Spiegelman continued, "I think they're so myopic in their focus, and they're so afraid of what's implied in having to defend the decision to teach Maus as part of the curriculum that it led to this daffily myopic response. Daffiness would be easy, the problem of course is that it has the breath of autocracy and fascism about it, and it has a real problem with asking the parents to decide what's okay to teach kids."

Maus
Maus

Pantheon The cover of the first volume of 'Maus' by Art Spiegelman.

As shown in the transcript, McMinn County teachers tried their best to explain to the school board the value they found in teaching Maus, and furthermore that they had built their curriculum around it such that removing the book unraveled their whole lesson plan for the year.

"Every lesson we teach gives us a chance to make a change for the better for our students," instructional supervisor Steven Brady said in the transcript. "When we teach habits of character, we are teaching our students how to be better people. There was a time where that happened every day at home, but when we think about what's going on now and in the lives our students live in, many of them live in broken homes when they are at one house one day and another house the next. The list goes on and on of the things they have to deal with. Whether we realize it or not, school is the most stable thing in many of our students lives. What students see and hear where they live, may not be appropriate in some settings and we have a chance with every lesson to change what our students see is ok. We get a chance to kind of influence their ethics, their morals, their upbringing."

One school board member objected to this, saying that "a lot of the cussing had to do with the son cussing out the father, so I don't really know how that teaches our kids any kind of ethical stuff."

In a 1998 interview with EW timed to the release of Maus II: And Here My Troubles Began (the comic was originally published in two volumes five years apart, though can now often be found as a single collection), Spiegelman discussed his complicated relationship with his late father Vladek, which is as much the subject of Maus as Vladek's survival of the Holocaust.

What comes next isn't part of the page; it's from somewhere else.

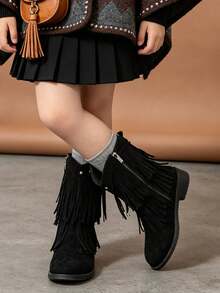 1 Pair Kids Vintage Western Style Tassel Mid-Calf Boots With Rivet Decor And Side Zipper, Suitable For Holiday Outings, Retro Outfit Styling, Autumn/Winter - Black - View 2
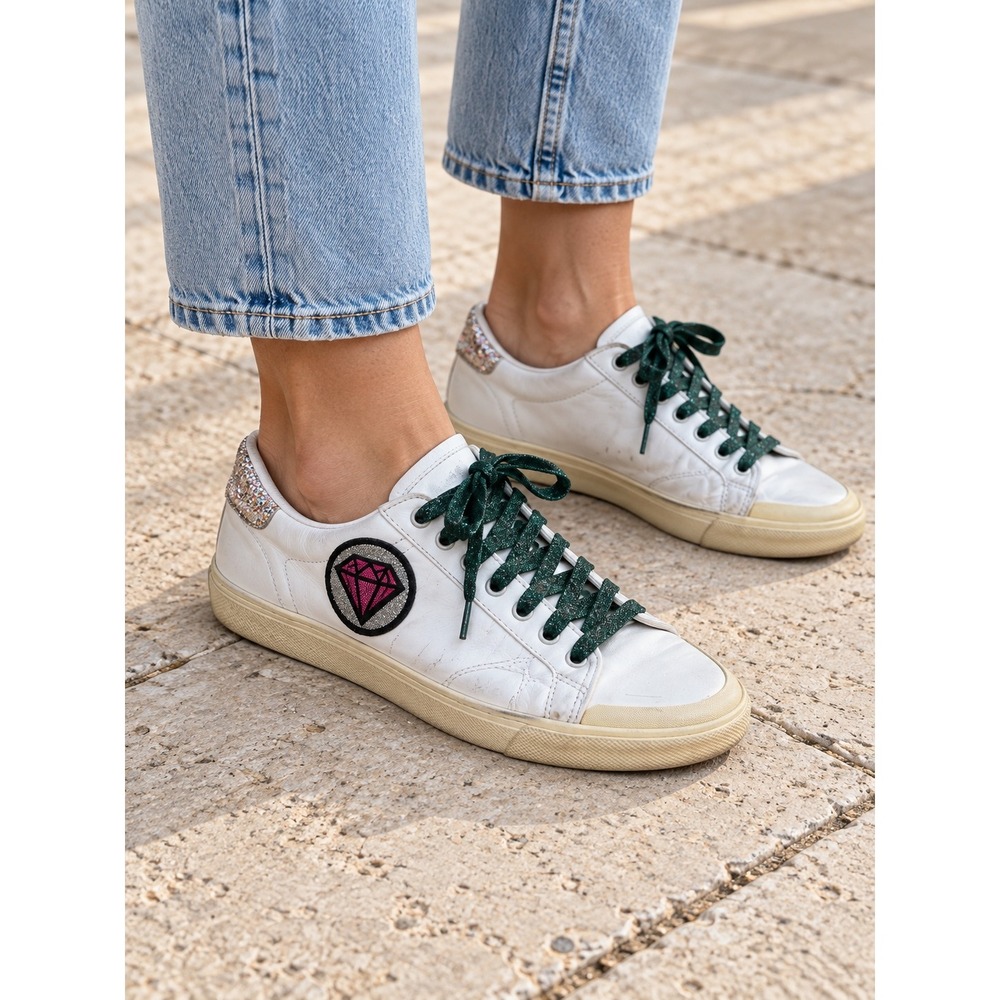 Saint Laurent Court Classic Diamond Patch Glitter Sneakers White US 8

"My relationship with my father as an adult consisted of interviewer and interviewee. We were at a permanent impasse and I came as close as I could," Spiegelman told EW then. Later in the interview, he added, "although not everybody had parents who went through the Holocaust, everybody had parents. This book is about me as a child of survivors."

Various comics professionals, like California comic store owner Ryan Higgins and Strange Adventures artist Mitch Gerads, have offered to donate copies of Maus to anyone in McMinn County who wants one in wake of the ban. The first volume of Maus is currently listed as a "best seller" on Amazon.